The airport is located about 20min from the capital of Antananarivo, but we had to cross a good part of the city to access the route nationale that would take us north to our first destination. Antananarivo evoked memories of other cities we’ve visited in the developing world, with new buildings abutting shacks and vendor stalls cobbled together from scraps of wood and tin, and new vehicles sharing the tortuous, narrow streets with ancient cars and zebu-drawn carts. Yet, there was something distinctly unique about Antananarivo as well, its many hills surrounded by rice paddies and the colorful houses clustered together on its ledges.
As we left the capital, we were greeted with vistas of undulating green hills and rice paddies. The houses in the highlands were made out of bricks and had thatched roofs. The landscape reminded D of the game board of Carcassonne, with little hamlets and townships dotting the hillsides. The Malagasy language is not given to brevity, at least in its written form, and the names of the villages we passed barely fit on the signs erected by the roadside. We later learned that each town name told a story. Antananarivo, for example, comes from two words – antanana, which means “the city where” and arive, which translates to “thousand.” Roland explained that the city had a different name, but was renamed after the first king of Madagascar created an army of over a thousand warriors to unify and protect the country.

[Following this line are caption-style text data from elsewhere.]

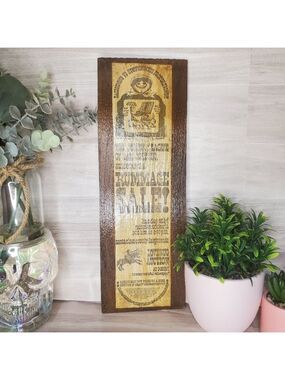 Vintage Brown Wood Wall Sign Signed Sidney Fischer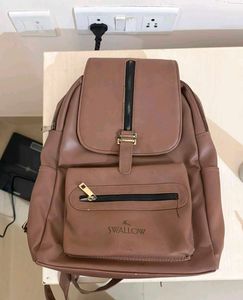 Stylish Brown Faux Leather Backpack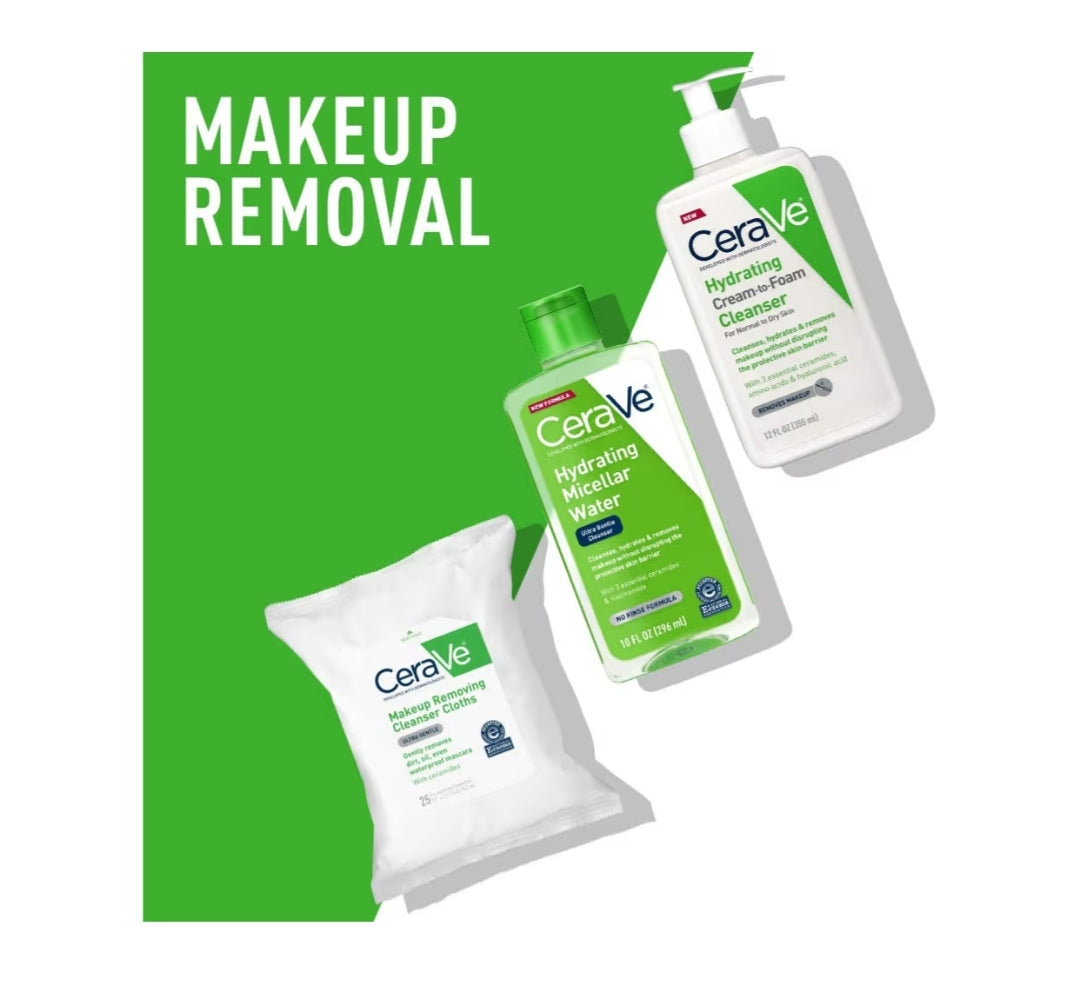 CeraVe Micellêre Water, Hidrerende Gesigsreiniger & Ooggrimeringverwyderaar met Niasinamied, Seramiede & Gliserien, Geurvry (10 Oz)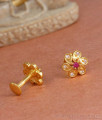 One Gram Gold Studs Screw Back Earring With Stones ER4371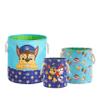 Paw Patrol 3 Piece Multi Size Fabric Nestable Toy Storage Basket Set, with Rope Carry Handles view 1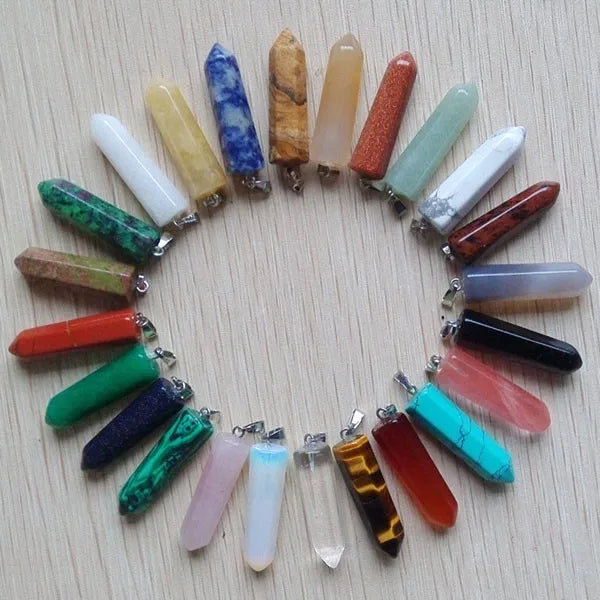 24pcs Natural Stone Pendants Assorted Point Charms Hexagonal Pillar Pendant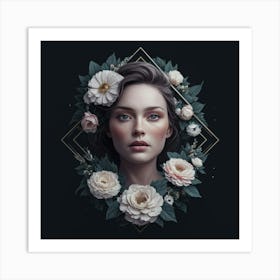 Floral Portrait Of A Woman Art Print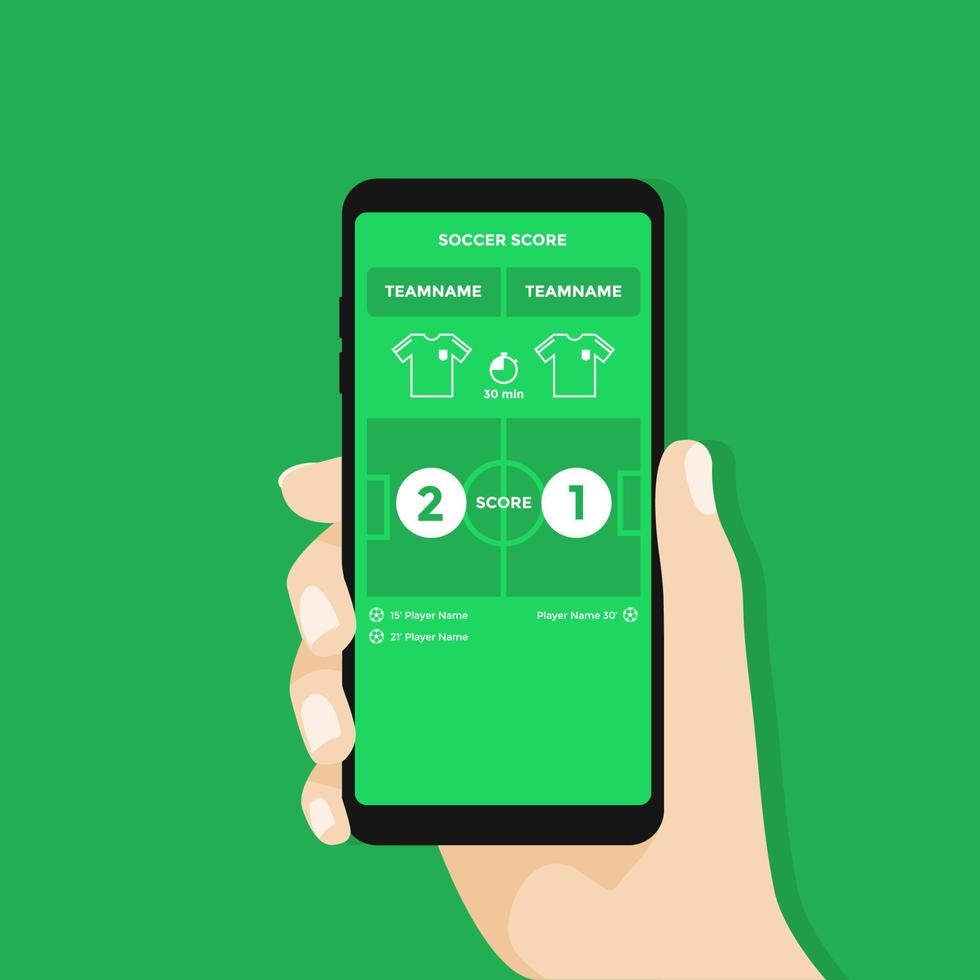 Hand holding smartphone with live score soccer or football application on screen. vector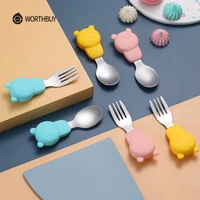 cartoon tableware for kids 188 stainless steel spoon fork dinnerware set with silicone handle kitchen dinner set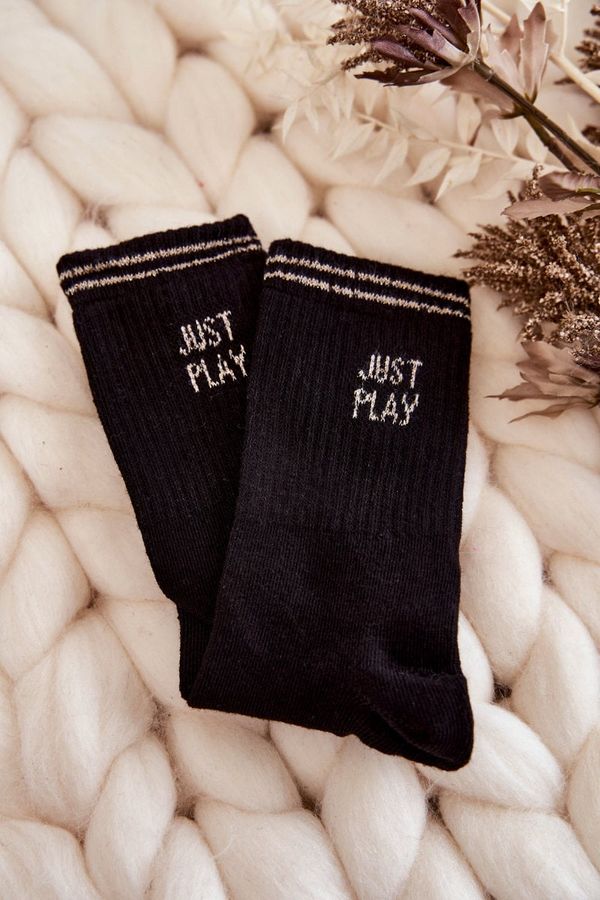 Kesi Women's Sports Socks Horizontal Inscription Just Play Black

The paved road ended after 100km at Anjozorobe and we bounced along a narrow, bumpy dirt road for the better part of an hour before arriving at Mananara lodge, where we would spend our first two nights in Madagascar. In planning our itinerary, we had debated between visiting the tourist hotspots, where the lemurs are more accustomed to people, and seeking out places that were a bit more off the beaten path. Situated at the edge of a dense strand of virgin primary forest, the Mananara lodge definitely fell into the latter category.